The median age in the city was 36.5 years. 27% of residents were under the age of 18; 6.3% were between the ages of 18 and 24; 20.6% were from 25 to 44; 31.7% were from 45 to 64; and 14.3% were 65 years of age or older. The gender makeup of the city was 57.1% male and 42.9% female.

===2000 census===
As of the census of 2000, there were 71 people, 30 households, and 17 families residing in the city. The population density was 176.4 PD/sqmi. There were 39 housing units at an average density of 96.9 /sqmi. The racial makeup of the city was 100.00% White. Hispanic or Latino of any race were 1.41% of the population.

There were 30 households, out of which 30.0% had children under the age of 18 living with them, 46.7% were married couples living together, 6.7% had a female householder with no husband present, and 43.3% were non-families. 36.7% of all households were made up of individuals, and 20.0% had someone living alone who was 65 years of age or older. The average household size was 2.37 and the average family size was 3.29.
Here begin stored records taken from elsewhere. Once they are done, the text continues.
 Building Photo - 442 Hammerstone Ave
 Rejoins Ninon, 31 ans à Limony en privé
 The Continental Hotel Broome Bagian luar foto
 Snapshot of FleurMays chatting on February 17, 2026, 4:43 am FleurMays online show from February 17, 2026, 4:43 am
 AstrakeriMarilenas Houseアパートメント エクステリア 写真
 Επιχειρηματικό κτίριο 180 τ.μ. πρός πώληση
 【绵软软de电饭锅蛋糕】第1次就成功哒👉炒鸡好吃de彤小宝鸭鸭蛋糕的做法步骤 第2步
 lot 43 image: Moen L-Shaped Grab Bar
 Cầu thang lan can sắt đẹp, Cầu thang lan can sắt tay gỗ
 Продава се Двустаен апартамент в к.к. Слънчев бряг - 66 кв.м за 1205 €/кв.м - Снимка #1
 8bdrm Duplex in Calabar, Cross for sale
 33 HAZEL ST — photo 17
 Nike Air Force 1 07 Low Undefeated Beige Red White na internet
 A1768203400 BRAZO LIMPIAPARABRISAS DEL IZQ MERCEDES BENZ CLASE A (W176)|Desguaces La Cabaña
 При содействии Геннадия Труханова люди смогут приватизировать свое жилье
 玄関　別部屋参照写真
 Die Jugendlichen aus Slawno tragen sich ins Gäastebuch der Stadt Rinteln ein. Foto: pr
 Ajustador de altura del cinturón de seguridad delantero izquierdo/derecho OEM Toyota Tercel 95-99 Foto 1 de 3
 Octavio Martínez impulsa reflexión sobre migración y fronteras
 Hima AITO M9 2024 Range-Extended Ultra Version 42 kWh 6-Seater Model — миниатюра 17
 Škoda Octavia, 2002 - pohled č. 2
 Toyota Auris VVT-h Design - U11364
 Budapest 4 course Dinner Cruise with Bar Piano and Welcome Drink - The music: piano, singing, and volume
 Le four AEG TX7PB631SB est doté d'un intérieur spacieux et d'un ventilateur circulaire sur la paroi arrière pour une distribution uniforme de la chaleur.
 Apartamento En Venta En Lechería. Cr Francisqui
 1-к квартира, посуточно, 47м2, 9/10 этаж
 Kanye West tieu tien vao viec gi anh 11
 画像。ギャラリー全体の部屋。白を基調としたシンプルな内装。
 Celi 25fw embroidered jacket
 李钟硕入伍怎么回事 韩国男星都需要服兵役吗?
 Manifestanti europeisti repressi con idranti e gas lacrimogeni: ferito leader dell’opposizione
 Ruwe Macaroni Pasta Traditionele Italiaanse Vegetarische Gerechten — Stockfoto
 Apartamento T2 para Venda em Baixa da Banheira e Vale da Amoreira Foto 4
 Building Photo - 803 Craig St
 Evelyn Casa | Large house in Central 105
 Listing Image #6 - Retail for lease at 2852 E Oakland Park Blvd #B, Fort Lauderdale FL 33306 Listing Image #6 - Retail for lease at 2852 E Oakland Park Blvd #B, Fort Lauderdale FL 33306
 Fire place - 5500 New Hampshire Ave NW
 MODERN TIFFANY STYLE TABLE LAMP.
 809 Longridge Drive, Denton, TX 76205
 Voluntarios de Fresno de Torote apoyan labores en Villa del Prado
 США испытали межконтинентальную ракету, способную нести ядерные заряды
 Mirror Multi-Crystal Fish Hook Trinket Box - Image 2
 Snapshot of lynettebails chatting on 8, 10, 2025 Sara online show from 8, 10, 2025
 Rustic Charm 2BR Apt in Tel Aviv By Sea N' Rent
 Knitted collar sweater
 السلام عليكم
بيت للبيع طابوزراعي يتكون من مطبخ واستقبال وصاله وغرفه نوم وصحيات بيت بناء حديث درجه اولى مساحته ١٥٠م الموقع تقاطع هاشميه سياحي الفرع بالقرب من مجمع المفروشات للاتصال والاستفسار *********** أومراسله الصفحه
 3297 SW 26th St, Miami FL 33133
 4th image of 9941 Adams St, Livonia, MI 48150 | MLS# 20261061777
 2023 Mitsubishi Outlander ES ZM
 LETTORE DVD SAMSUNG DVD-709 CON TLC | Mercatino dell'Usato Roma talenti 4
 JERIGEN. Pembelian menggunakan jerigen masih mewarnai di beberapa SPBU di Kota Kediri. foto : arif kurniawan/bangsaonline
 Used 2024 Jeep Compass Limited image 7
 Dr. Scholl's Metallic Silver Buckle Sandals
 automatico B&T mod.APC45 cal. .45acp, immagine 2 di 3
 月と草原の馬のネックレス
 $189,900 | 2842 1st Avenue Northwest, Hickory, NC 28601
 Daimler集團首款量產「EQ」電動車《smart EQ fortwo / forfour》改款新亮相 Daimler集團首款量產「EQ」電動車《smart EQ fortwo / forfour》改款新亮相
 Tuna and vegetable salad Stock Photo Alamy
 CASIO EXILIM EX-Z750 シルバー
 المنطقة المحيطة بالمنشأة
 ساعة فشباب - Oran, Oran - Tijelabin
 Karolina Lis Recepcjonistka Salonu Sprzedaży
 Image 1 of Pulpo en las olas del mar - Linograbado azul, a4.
In the city, the population was spread out, with 29.6% under the age of 18, 9.9% from 18 to 24, 26.8% from 25 to 44, 23.9% from 45 to 64, and 9.9% who were 65 years of age or older. The median age was 37 years. For every 100 females, there were 86.8 males. For every 100 females age 18 and over, there were 85.2 males.

The median income for a household in the city was $33,333, and the median income for a family was $43,750. Males had a median income of $32,321 versus $20,000 for females. The per capita income for the city was $14,789. There were 15.8% of families and 18.2% of the population living below the poverty line, including 17.1% of under eighteens and 100.0% of those over 64.